Ces crédits, inscrits dans la mission budgétaire « Plan de relance », permettront notamment de financer un certain nombre d'outils de soutien. Je citerai, à titre d'exemple, le « chèque export », qui permet de prendre en charge jusqu'à 50 % d'une prestation d'accompagnement à l'export, le chèque VIE, destiné à subventionner des missions de VIE à hauteur de 5 000 euros, ou le renforcement de l'assurance prospection. Ces mesures sont positives, compte tenu notamment de leur impact sur la sécurisation de la trésorerie des entreprises concernées. Leur portée à moyen et long terme devra néanmoins être évaluée, compte tenu des incertitudes qui pèsent, par exemple, sur la possibilité de réaliser des missions à l'étranger ou d'y envoyer des VIE.

Les crédits inscrits dans la mission budgétaire « Plan de relance » complètent ceux inscrits dans la mission « Économie », laquelle comporte, outre la rémunération de Bpifrance, d'un montant de 51,65 millions d'euros, la subvention pour charges de service public de Business France, qui s'élève à 87,62 millions d'euros, contre 90,12 millions d'euros en 2020. Cette évolution est conforme aux engagements inscrits dans le contrat d'objectifs et de moyens (COM) pour la période 2018-2022 de Business France, qui perçoit, je le rappelle, deux autres subventions, plus résiduelles, en provenance de deux autres missions budgétaires.

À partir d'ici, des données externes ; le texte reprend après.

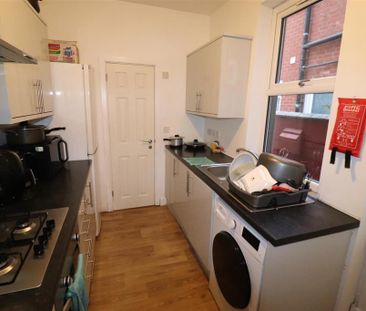 4 bedroom house share to rent - Photo 2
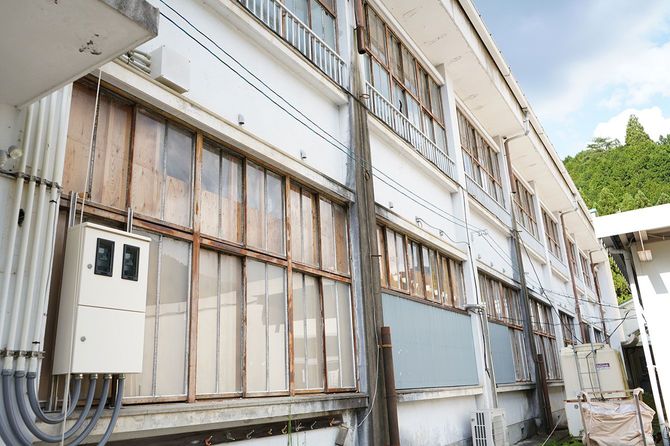 廃校になった小学校の外観。ここでフグの養殖が行われている。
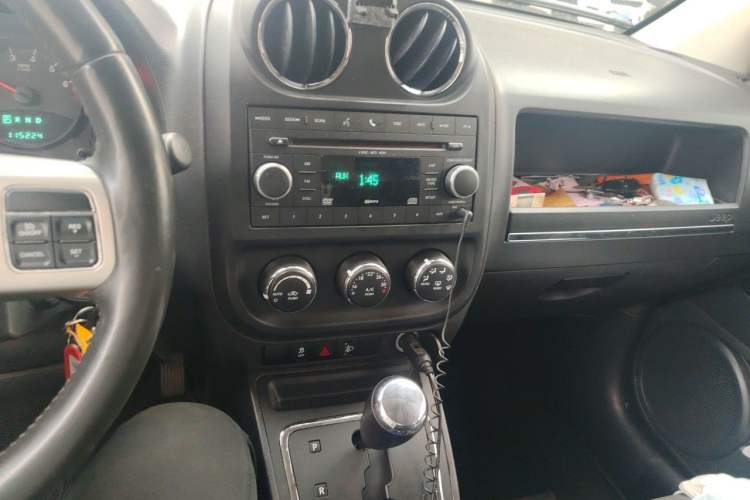 Used Jeep Compass 2011 2.4L four-wheel-drive sport version Audio And AC Panel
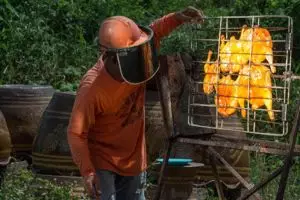 Unik, ayam panggang ini dimasak pakai sinar matahari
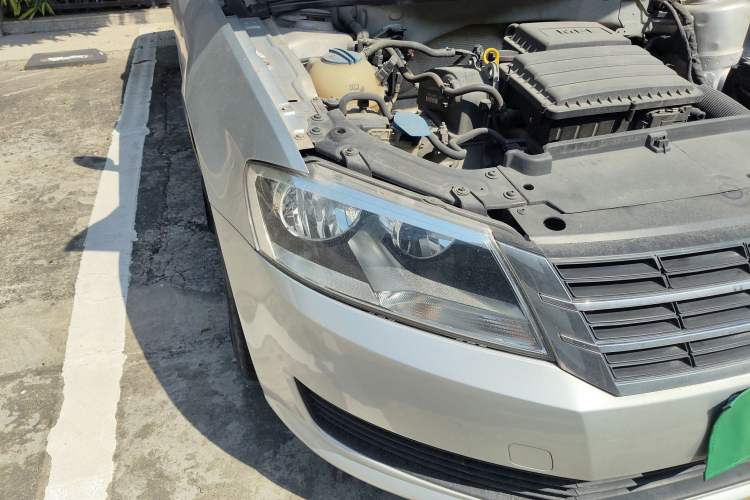 Used Volkswagen Lavida 2013 Revised Classic 1.6L Automatic Fashion Edition
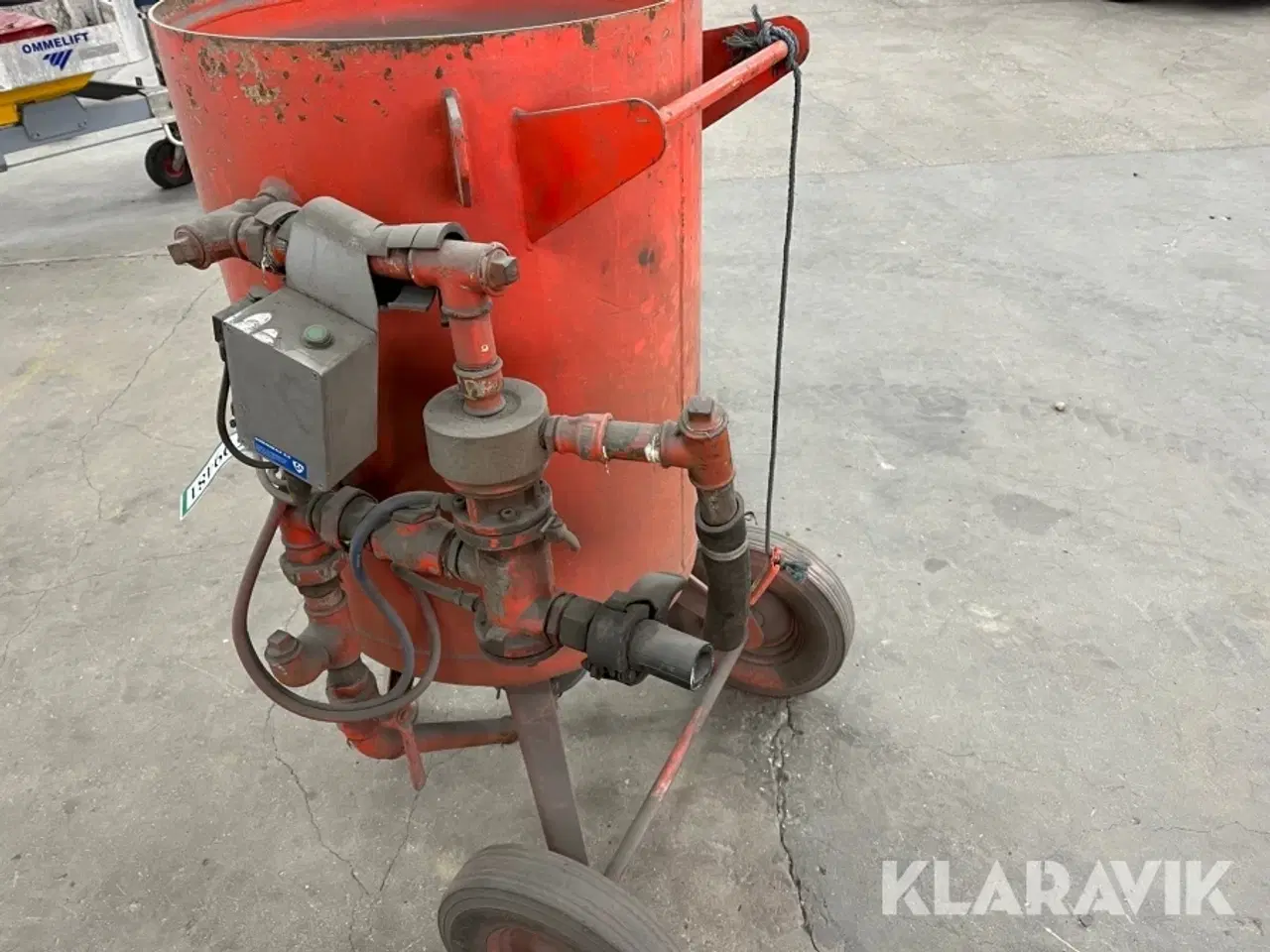 Billede 2 - Sandblæser CLEMCO 2452 200 liter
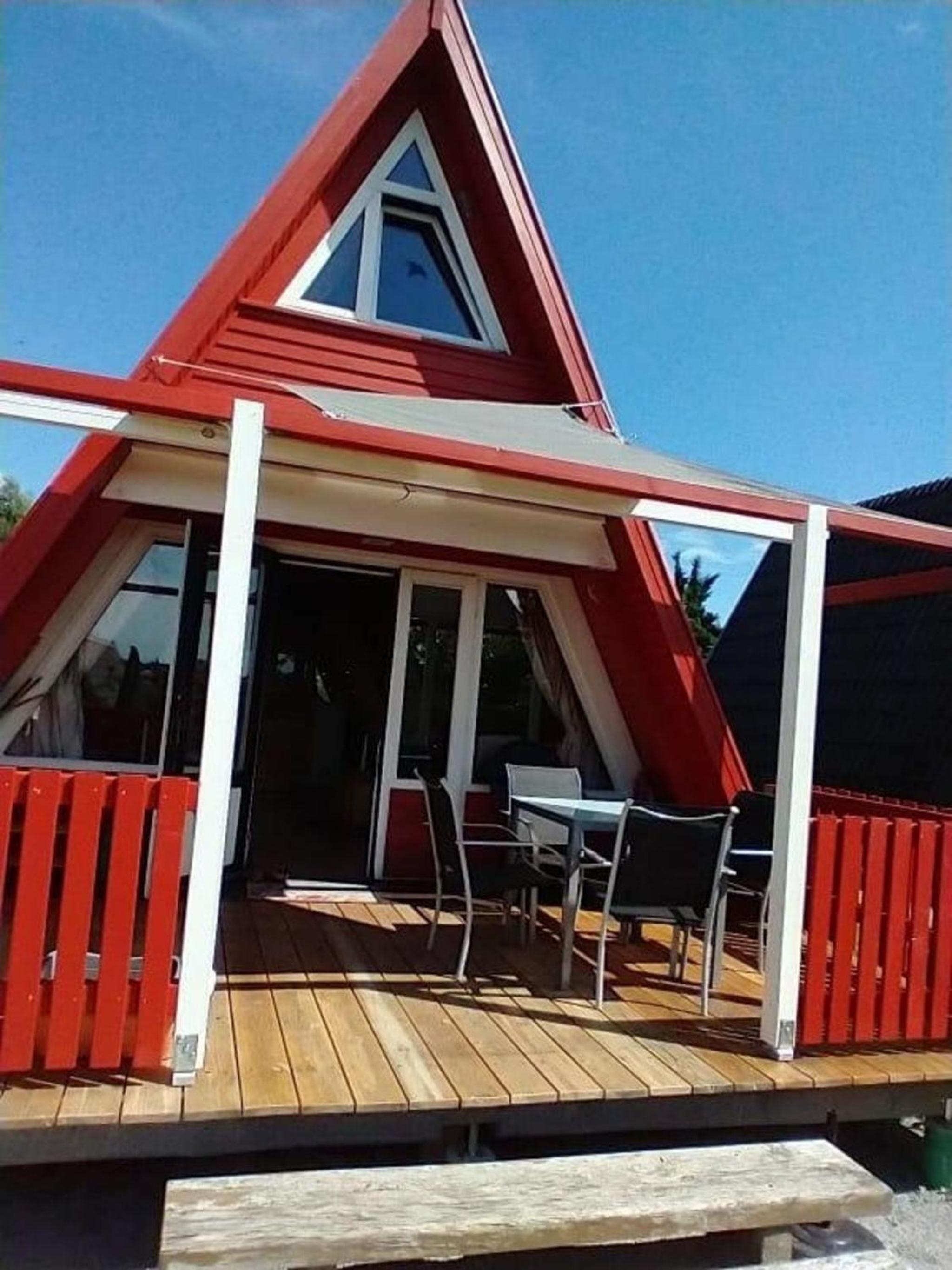 Haus am See mit Fasssauna, Liegewiese und Grill view 4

Avant de conclure, je veux dire un mot du secteur auquel j'ai choisi de prêter cette année une attention spécifique, celui du numérique. Ce secteur dynamique et résolument tourné vers l'international a montré une certaine résilience dans la crise. Il mérite d'être soutenu, pour au moins deux raisons. Tout d'abord, il représente un potentiel de croissance à l'export, nos entreprises pouvant se saisir de nombreux marchés, dans le domaine de la cybersécurité, par exemple. Ensuite, nos entreprises en général et nos exportateurs en particulier devront de plus en plus, compte tenu du contexte actuel, recourir aux outils digitaux : vente en ligne, salons virtuels, e-vitrines... Ces outils ont été cruciaux durant la période de confinement. Du reste, des outils numériques très innovants sont actuellement mis en place par les acteurs publics en charge de l'appui à nos exportateurs. Je salue ces innovations, qui démontrent toute l'utilité de tels outils dans notre société et notre économie. Ne ratons pas le tournant de la digitalisation des entreprises, singulièrement des exportateurs.

En conclusion, je vous invite à adopter les crédits relatifs au commerce extérieur et à la diplomatie économique de la mission « Économie » du PLF pour 2021.